Monday, June 15, 2015

CIVIL WAR VETERAN 
Theodore P. Stearns

T. P. Stearns’ foot stone records his birth year and his death year. It also tells us that he served with the 7th Vermont Volunteer Infantry, in Company E [the base line of the “E” has eroded and, after 114 years, it looks like an “F” on the foot stone].

photo: QHGS

Finding genealogical information about him—his actual dates of birth and death—posed some problems which will be explained below.

1. To establish the fact that T. P. Stearns served in the Union Army, and to find out his given name, we consulted the FamilySearch® website’s United States Civil War Soldiers Index, 1861-1865 which cites NARA microfilm publication M557, roll 13. 
This source provided the following information: 
“Theodore P. Stearns served in the 7th Regiment, Vermont Infantry, in Company E. He entered the Union Army as a Private and left the service as a Private. His records were originally filed under the name ‘Theodore P. Stearnes’.”

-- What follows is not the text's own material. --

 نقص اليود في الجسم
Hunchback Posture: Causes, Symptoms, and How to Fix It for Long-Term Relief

2. To find out if “T. P.” was a Civil War pensioner, we looked for him in the National Archives and Records Administration. U.S., Civil War Pension Index: General Index to Pension Files, 1861-1934 [database on-line]. Provo, UT, USA: Ancestry.com Operations Inc, 2000
This source provided the following information:
“Theodore P. Stearns filed for a Civil War pension on 14 September 1883 as an Invalid, and his widow Mary filed for a widow’s pension on 28 January 1902.

3. We could not look for his date of death in the early California Death Index database because it covers only the years 1905 to 1939, and Theodore died in 1901. Therefore, we decided to see if Mary’s widow’s pension might provide more information. We looked in the United States Civil War and Later Pension Index, 1861-1917, from the Organization Index to Pension Files of Veterans Who Served Between 1861 and 1900 database at Fold3.com which cites NARA microfilm publication T289.
This source provided the following information:  
On the bottom line of the index card was a notation, “Died Dec. 21, 1901, at Long Beach, Cal.,” which furnished Theodore’s date of death. 

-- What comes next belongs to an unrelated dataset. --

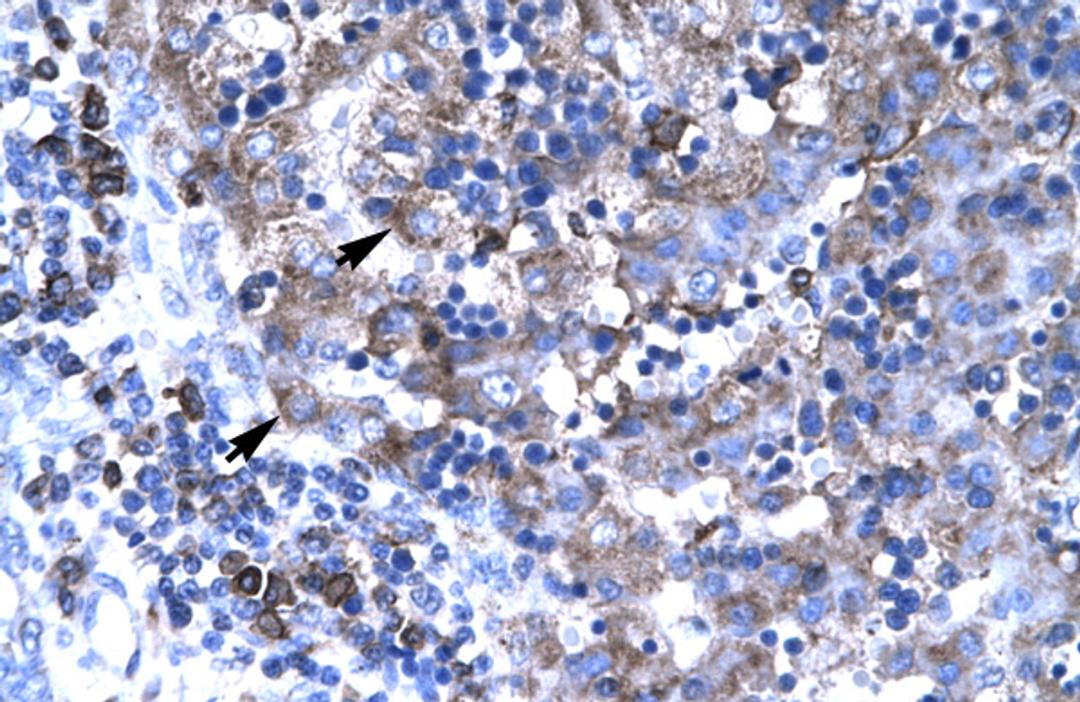 Antibody used in IHC on Human Liver.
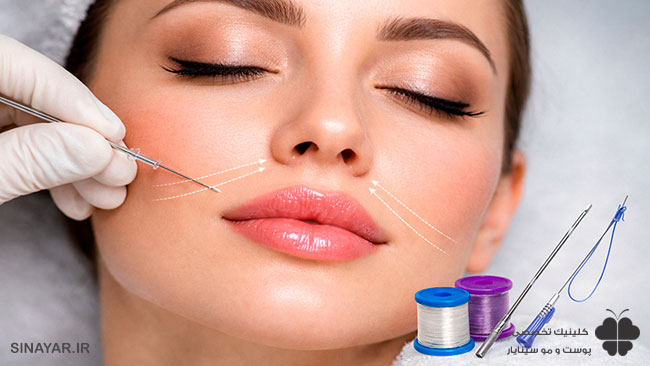 لیفت لب بالا با نخ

4. Even though we knew Theodore’s date of death, we could not look in the FamilySearch® database California, County Birth and Death Records, 1800-1994, for his death certificate to find more information about him, because Long Beach records begin in 1905. We had to find his date of birth another way. Entering his name on the FamilySearch® “Search Historical Records” home page produced a real find: Theodore’s G.A.R. Personal War Sketch. The source, at Vermont, Enrolled Militia Records, 1861-1867, index and images, FamilySearch Cambridge, Lamoille County > 1861-1865, Personal War Sketches - GAR > image 98 of 123; county clerk offices, Vermont, described his experiences from the day he entered the war on 18 December 1861 at Cambridge, Vermont, to the day he was mustered out in Brownsville, Texas, in 1865.  
This document provided the following information: 
“Personal War Sketch of Comrade Theodore P. Stearns who was born the twenty-second day of August, A.D. 1830 in Cambridge, County of Lamoille, State of Vermont.”    

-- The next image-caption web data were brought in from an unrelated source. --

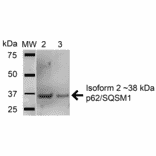 Western Blot - Anti-SQSTM1 / p62 Antibody (A304938) - Antibodies.com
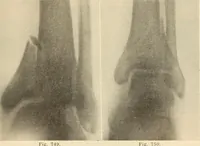 Picture 410 of 481 from Fractures and dislocations, diagnosis and treatment (1915), leaf 704
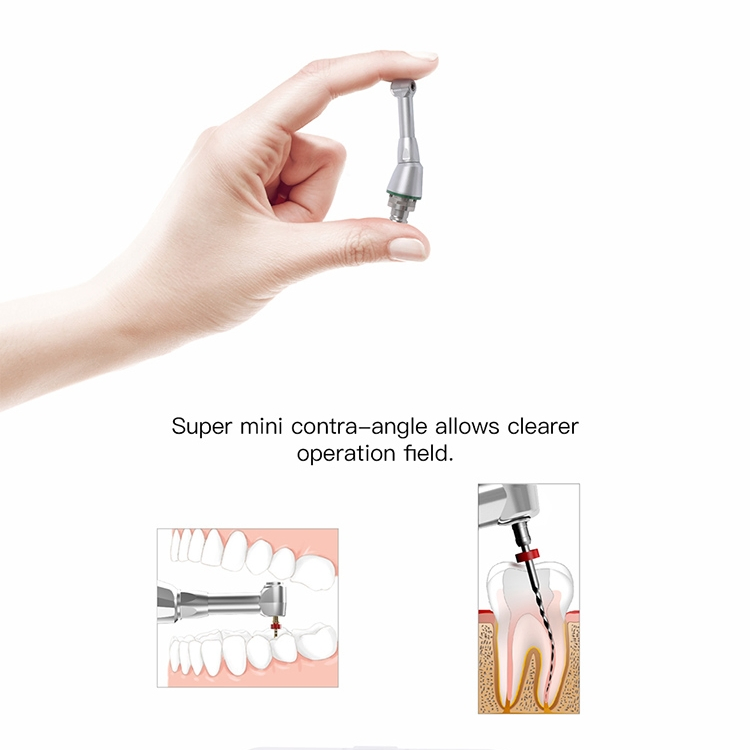Dental Rotary Niti Files Root Canal Instrument for Root Canal Treatment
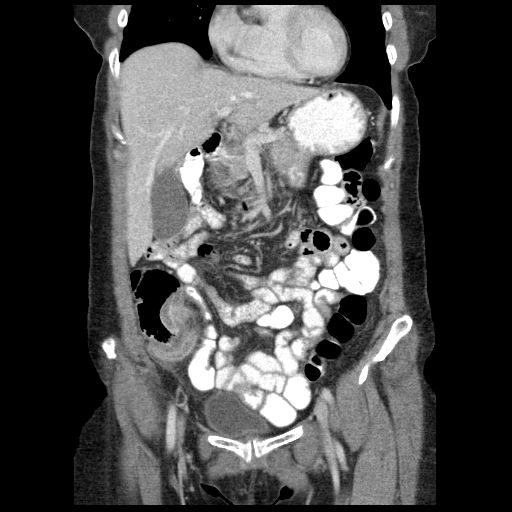 File:Acute appendicitis (Radiopaedia 52672-58589 Coronal C+ portal venous phase 23).jpg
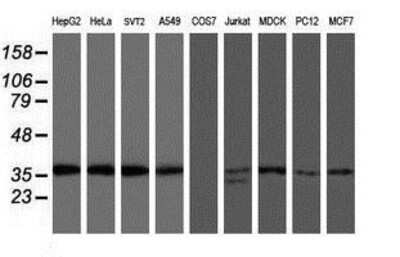 Western Blot: OSGEP Antibody (9E3) [NBP2-00823] Analysis of extracts (35ug) from 9 different cell lines by using anti-OSGEP monoclonal antibody.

The four sources cited above create only the barest outline of Theodore P. Stearns’ life. To find out more about him—to make his story “come alive”—we can use U.S. Census records to trace his journey from Vermont to Iowa, and thence to Long Beach, California; and, we can examine marriage records to find out when and where he married Mary. To learn about the 7th Regiment Vermont Volunteer Cavalry, we can go to The Civil War Archive at http://www.civilwararchive.com/Unreghst/unvttr2.htm#7thinf. We can also search Ancestry.com to see if there is information about him in public family trees.

photo: QHGS

RESEARCH TIP: The Carnegie Library website at http://www.carnegiecarnegie.org/espy-post/manuscript-collection/ describes G.A.R. Personal War Sketch Questionnaires as “a GAR post record that surfaced just before the turn of the century. As veterans gathered in their posts they delivered formally written narratives. The veteran either completed a pre-printed questionnaire or sat with the Post Historian and dictated his personal accounting of his participation in the war. Once completed these narratives were written in a ledger size leather-bound book. Many named friends in their company, provide details of wounds received, and the horrors of imprisonment.” If your ancestor served in the Civil War and belonged to the G.A.R., be sure to look for one of these records of service.